China pushes new quality productive forces, as outlined in national policy papers, letting innovation flow globally to supercharge Asia-Pacific's digital, smart, and green shifts. Xu Liping cuts through: "APEC emphasizes innovative growth, and Shenzhen's explorations in cutting-edge fields will offer valuable experiences for the Asia-Pacific's economic transformation and upgrading." Hosting here, per event blueprints, builds new engines for the region—tangible advantages rooted in Shenzhen's track record.

Venue Built for Big Leagues

Shenzhen's no rookie at APEC gigs. It's run the Business Advisory Council SME Forum for five years in a row, stacking organizational know-how. Mainland financial commentator Liu Xiaobo shares intel: the summit might hit the Futian Xiangmihu New Financial Centre, home to the under-construction Shenzhen International Exchange Centre (aka Xiangmihu International Conference Centre). Billed as a "world-class reception room" for leader summits and top forums, its main build wraps by late 2025, per construction permits.

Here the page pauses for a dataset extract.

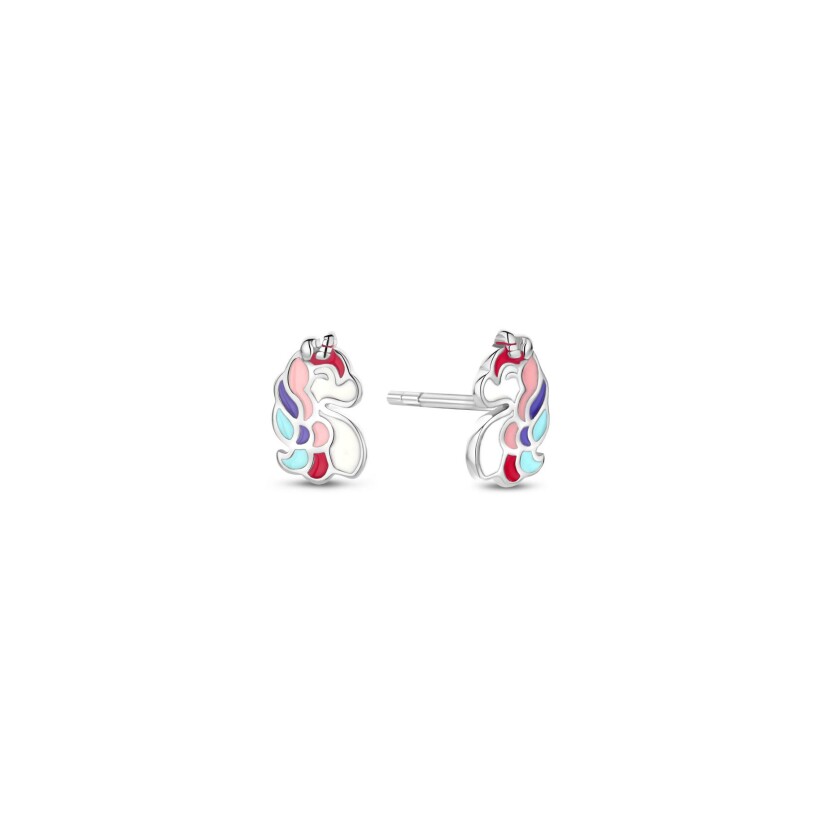 Boucles d'oreilles Orage Kids licornes multicolores en argent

Xiangmihu Centre: Shenzhen's summit-ready global stage takes shape.

Xiangmihu Centre: Shenzhen's summit-ready global stage takes shape.

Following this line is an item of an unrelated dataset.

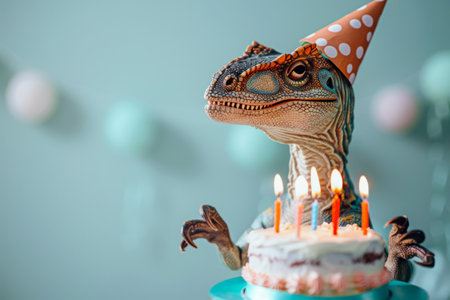 Cute dinosaur with cake on blue background with bokeh. Birthday concept.の素材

This beast clocks 450,000 square meters, packing a 50-square-meter main hall, 380-square-meter banquet space, and 60-odd meeting rooms. It handles over 10,000 people at once with smart systems, AR guides, metaverse setups.

Liu Xiaobo, Chinese Mainland’s financial commentator, tips Futian’s Xiangmihu New Financial Centre for Shenzhen's APEC showdown.

Liu Xiaobo, Chinese Mainland’s financial commentator, tips Futian’s Xiangmihu New Financial Centre for Shenzhen's APEC showdown.

Trace APEC's China stops—from Shanghai and Beijing to Shenzhen—and you see the pulse of its global economic weave, echoed in trade volume surges over the years. Link them on a map, and boom: a massive triangle of growth poles—the Yangtze River Delta, Beijing-Tianjin-Hebei, and Guangdong-Hong Kong-Macao Greater Bay Area—driving the economy, as national development plans map out.

Ian Fok, CEO of the Henry Fok Group, calls Shenzhen's APEC slot "very good news" for Hong Kong. He puts it plain: they're "close to the water tower first," set to snag spillover perks. Delegates are likely routing through Hong Kong, and that amps up global eyes on the city, sparking exchanges and ties, Fok told the media.

Fok backs Shenzhen's chops fully, citing its tech edge, global links, and transport ease—proven by infrastructure stats and connectivity rankings. This setup arms it to nail a top-tier conference, no question.